TA-14 is not a conceptual framework or interpretive model.
It is a governing standard that can be tested.
This page defines how to determine whether a system, process, workflow, or execution environment meets the conditions required for TA-14 governance.
A system is only TA-14-governed if it can answer the following at the moment of execution:
Was this action bound to admissible truth at commit—and could it have been blocked if that condition failed?
If the answer cannot be proven, the system is not TA-14-governed.
TA-14 compatibility is evaluated across the full truth-to-execution chain:
Origin Truth Capture
Record Integrity
Continuity Preservation
Admissibility Determination
Binding Object Formation
Commit-Time Enforcement
Execution Control
Outcome Recording
Post-Commit Verification
Failure at any stage invalidates TA-14 governance.
The system executes without requiring admissible truth.
Data may be incomplete, reconstructed, or inferred
No binding between record and action
Execution proceeds regardless of state validity
Execution is unbound.
The system captures and stores data but does not govern execution.
Monitoring and logging exist
Records may be mutable or incomplete
No admissibility enforcement
Execution is not dependent on record validity
The system can describe what happened, but not govern what happens.

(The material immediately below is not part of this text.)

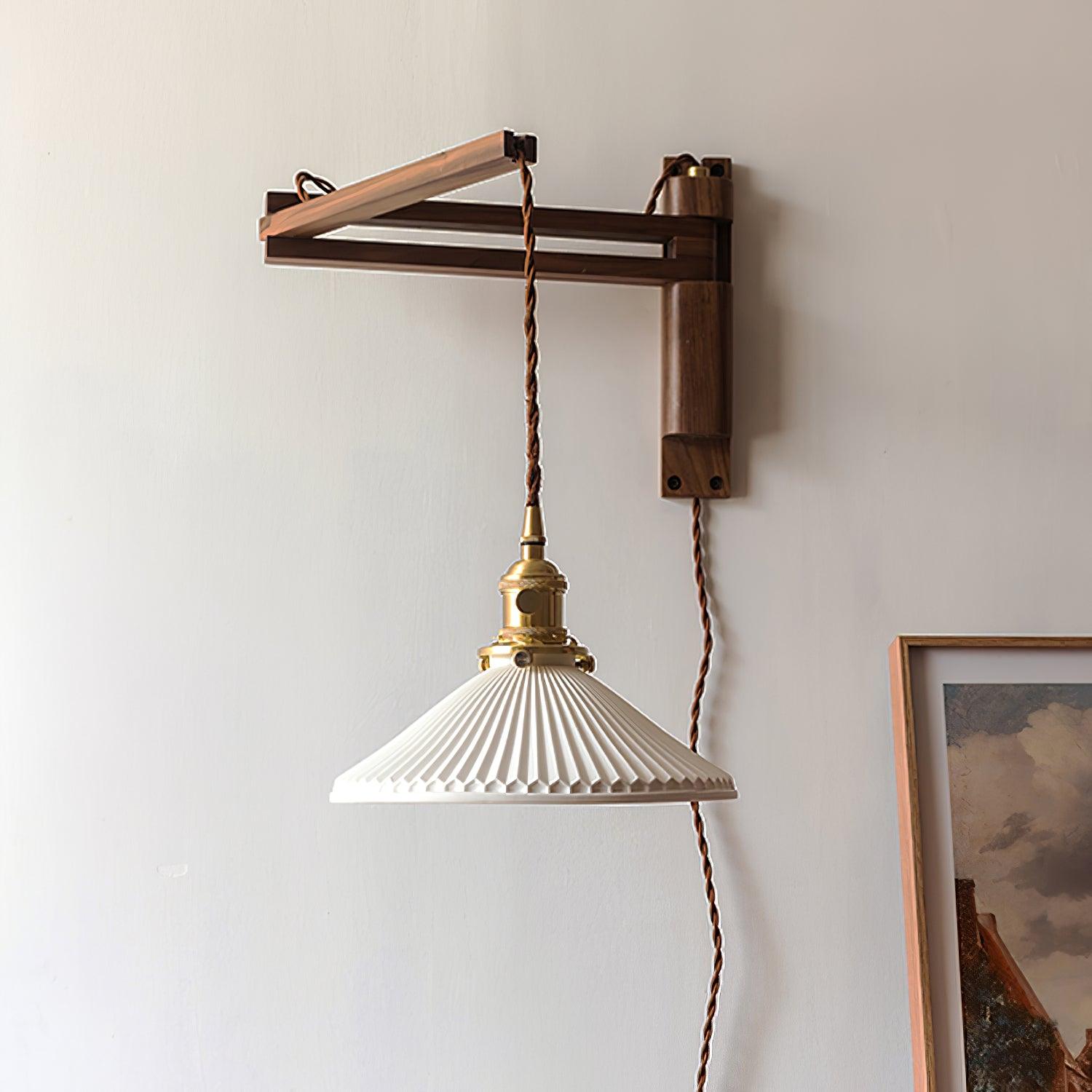 Orphaarae Nordic Art Swing Arm Walnut Ceramic Wall Lamp - Neutralighting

Some elements of TA-14 exist, but execution is not fully constrained.
Records may be append-only
Some continuity is preserved
Admissibility may be evaluated in limited cases
Commit-time enforcement is inconsistent or bypassable
Execution may be influenced by truth, but is not fully governed by it.
The system structurally supports TA-14 principles.
Origin capture is defined
Records are append-only and continuous
Admissibility is explicitly determined
Binding objects exist
Commit-time enforcement is present
However:
Enforcement may not be fully deterministic
Blocking conditions may not be absolute
Edge cases may allow execution without full admissibility
The system is aligned but not fully constrained.
The system meets the full TA-14 standard.
Truth is captured at origin
Records are immutable and continuous
Admissibility is explicitly determined before action
Actions are formally bound to admissible state
Commit-time enforcement is non-bypassable
Execution outcomes are limited to:
ALLOW
BLOCK
ESCALATE
Outcomes are recorded and verified
Execution cannot proceed without admissible truth.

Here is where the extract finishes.